Der Markt, dass bekannte Unwesen, soll es richten, deshalb glaubt der Jahreswirtschaftsbericht auch an ein Wachstum von 1,7 Prozent im nächsten Jahr. Dass es dafür Binnenkaufkraft braucht, ist dem Wirtschaftsminister (?) egal. Auch dass der Konsum-Klima-Index, immer ein wichtiger Indikator für die Marktbewegungen, um rund vier Prozent gesunken ist und damit den stärksten Rückgang seit 1980 verzeichnet, rutscht dem Herrn den Buckel runter. Wichtig ist ihm: Die Lohnstückkosten werden erneut um 0,25 Prozent sinken, der Lohnanteil am einzelnen Produkt sackt weiter runter, die Arbeitsproduktivität steigt, aber davon sollen die Beschäftigten nur ja nichts abbekommen. Es wird rund um den Bericht mal wieder um den Standort Deutschland gehen, ein Ort dessen Vorfahrtsregeln im Arbeitgeberverband aufgestellt werden und dessen soziale Einbahnstraße vom Arbeitsminister mit Halteverboten gepflastert wird (den kennen Sie, das ist der originelle Wirtschaftstheoretiker, der uns alle zwei Jahre länger arbeiten lassen will, um mehr Arbeitsplätze zu schaffen). Der arme deutsche Standort: Seine Steuerquote ist die niedrigste von allen OECD-Ländern (in der OECD sind die 30 reichsten Staaten der Erde vertreten). Falls Sie sich jetzt wie dieser Wirtschaftsminister ganz sicher auch, Sorgen um unsere Unternehmen und deren steuerliche Belastung machen sollten: Der Anteil der Gewinn- und Vermögenssteuern am gesamten Steueraufkommen ist seit Ende der 90er Jahre auf etwa 11 Prozent gesunken. Das lernt man zwar nicht in der Schule, aber sie können es unseren verschlissenen Schulgebäuden gut ansehen.

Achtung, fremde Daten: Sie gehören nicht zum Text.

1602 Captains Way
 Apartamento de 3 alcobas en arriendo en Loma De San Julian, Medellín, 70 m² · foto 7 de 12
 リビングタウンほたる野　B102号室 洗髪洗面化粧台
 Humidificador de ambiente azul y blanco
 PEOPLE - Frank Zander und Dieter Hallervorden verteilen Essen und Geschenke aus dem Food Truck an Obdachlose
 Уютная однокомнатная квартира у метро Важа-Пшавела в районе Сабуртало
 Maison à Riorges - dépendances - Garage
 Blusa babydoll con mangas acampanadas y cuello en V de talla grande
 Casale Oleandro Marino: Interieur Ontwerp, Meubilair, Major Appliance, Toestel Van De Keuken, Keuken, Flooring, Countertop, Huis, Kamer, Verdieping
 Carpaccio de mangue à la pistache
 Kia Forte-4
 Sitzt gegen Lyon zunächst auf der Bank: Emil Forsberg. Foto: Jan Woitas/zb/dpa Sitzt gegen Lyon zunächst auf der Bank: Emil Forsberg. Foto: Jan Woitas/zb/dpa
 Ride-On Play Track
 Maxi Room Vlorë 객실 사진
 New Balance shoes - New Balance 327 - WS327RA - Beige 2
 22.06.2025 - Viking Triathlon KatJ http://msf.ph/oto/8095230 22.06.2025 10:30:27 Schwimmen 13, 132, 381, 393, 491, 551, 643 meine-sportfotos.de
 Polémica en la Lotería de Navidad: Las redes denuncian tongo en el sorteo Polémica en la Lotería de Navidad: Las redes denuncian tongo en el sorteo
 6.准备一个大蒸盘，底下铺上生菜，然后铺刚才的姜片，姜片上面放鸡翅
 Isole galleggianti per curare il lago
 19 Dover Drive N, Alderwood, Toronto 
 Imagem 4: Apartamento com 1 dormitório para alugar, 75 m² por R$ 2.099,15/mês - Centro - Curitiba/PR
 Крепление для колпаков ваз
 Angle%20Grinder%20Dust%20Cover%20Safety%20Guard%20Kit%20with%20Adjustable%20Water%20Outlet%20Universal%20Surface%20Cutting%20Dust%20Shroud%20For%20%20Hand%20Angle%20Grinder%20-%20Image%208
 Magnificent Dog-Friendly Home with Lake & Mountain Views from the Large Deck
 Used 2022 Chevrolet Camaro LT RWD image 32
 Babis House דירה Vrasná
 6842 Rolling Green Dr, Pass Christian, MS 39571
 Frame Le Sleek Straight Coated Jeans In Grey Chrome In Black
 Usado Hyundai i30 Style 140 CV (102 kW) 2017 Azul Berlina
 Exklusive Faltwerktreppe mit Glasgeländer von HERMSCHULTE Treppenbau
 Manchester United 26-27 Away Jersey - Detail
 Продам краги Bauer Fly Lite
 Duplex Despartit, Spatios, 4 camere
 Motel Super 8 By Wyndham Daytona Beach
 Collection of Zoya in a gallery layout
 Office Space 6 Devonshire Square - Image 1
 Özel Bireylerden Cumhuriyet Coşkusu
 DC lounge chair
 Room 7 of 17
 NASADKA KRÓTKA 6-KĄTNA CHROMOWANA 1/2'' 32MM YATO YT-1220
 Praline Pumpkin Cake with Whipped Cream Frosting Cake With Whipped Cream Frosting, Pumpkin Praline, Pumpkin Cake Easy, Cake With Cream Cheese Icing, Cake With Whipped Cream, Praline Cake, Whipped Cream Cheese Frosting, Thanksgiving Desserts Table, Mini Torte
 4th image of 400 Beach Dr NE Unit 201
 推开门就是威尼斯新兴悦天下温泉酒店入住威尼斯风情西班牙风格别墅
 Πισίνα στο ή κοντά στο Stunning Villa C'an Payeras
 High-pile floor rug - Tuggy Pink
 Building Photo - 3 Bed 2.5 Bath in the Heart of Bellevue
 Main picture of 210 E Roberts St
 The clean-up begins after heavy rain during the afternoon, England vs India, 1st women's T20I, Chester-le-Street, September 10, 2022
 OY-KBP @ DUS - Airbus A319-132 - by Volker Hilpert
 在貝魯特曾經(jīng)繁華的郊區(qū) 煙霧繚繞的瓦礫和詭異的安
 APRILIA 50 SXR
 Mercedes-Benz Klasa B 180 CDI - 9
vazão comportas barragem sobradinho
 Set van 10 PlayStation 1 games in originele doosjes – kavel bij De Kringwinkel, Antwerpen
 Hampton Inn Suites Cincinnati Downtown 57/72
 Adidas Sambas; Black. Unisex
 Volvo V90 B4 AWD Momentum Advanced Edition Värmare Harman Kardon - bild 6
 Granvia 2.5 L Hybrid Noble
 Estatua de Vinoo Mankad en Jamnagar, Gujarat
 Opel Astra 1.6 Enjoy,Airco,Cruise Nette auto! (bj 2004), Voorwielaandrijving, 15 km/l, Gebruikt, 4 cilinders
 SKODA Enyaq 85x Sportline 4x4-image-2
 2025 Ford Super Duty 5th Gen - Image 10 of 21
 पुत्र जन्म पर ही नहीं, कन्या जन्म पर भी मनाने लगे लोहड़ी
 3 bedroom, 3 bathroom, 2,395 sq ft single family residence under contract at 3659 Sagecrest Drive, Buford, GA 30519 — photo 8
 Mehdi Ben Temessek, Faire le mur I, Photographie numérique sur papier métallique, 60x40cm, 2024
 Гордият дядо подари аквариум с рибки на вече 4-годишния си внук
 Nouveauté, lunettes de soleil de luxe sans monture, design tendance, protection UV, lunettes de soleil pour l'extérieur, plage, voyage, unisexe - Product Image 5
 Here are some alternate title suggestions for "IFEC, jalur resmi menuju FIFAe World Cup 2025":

Jetzt werden Sie sagen, dass so ein Wirtschaftsbericht einen geringen Unterhaltungswert besitzt. Das sieht man in vielen Redaktionen auch so. Das liegt aber nur daran, dass der Jahreswirtschaftsbericht als wissenschaftliche Analyse verkauft wird. Dabei ist er nur eine ziemlich kurze Stange, mit der vorsichtig der Nebel umgerührt wird, unter dem Eigentums- und Vermögensverhältnisse den Schlaf der Ungerechtigkeit schlafen dürfen. Wenn mal einer auf die Idee käme Zeitschriften wie die "Gala", in der die Reichen und die angeblich Schönen die Seiten füllen, mit den Wirtschaftsnachrichten zu verbinden, dann könnte auch der von Minister Glos (!) nächste Woche verkündete Bericht eine erhebliche Spannung entfalten. Denn dort kann man sehen und lesen, wie das Geld für Schulen, für Straßen, für neue Arbeitsplätze in Lifestyle umgewechselt wird: Hier eine schäbige Maybach-Limosine (gebraucht schon für eine halbe Million Euro zu haben) auf den Straßen von Monaco, dort eine Zweityacht im alten Hafen von Cannes (da darf man unter ein paar zig-Millionen, die man für sein Bötchen ausgegeben hat, gar nicht ankern). Aber eine solche Verbindung empfände der Herr Wirtschaftsredakteur als Zumutung und ehe er das Wort "Sozialneid" würde aussprechen können, wäre er auch schon wieder eingeschlafen, wahrscheinlich wegen Überforderung.

Deshalb werden wir weiter seicht unterhalten werden: Mit der Stoiber-Show oder den Merkeliaden auf Reisen, bestenfalls mit dem Ratespiel "War´s der Steinmeier oder doch nur seine Spitzenbeamten?". Vor den Zusammenhängen aber lassen die üblichen Medien lieber den Vorhang fallen. Applaus!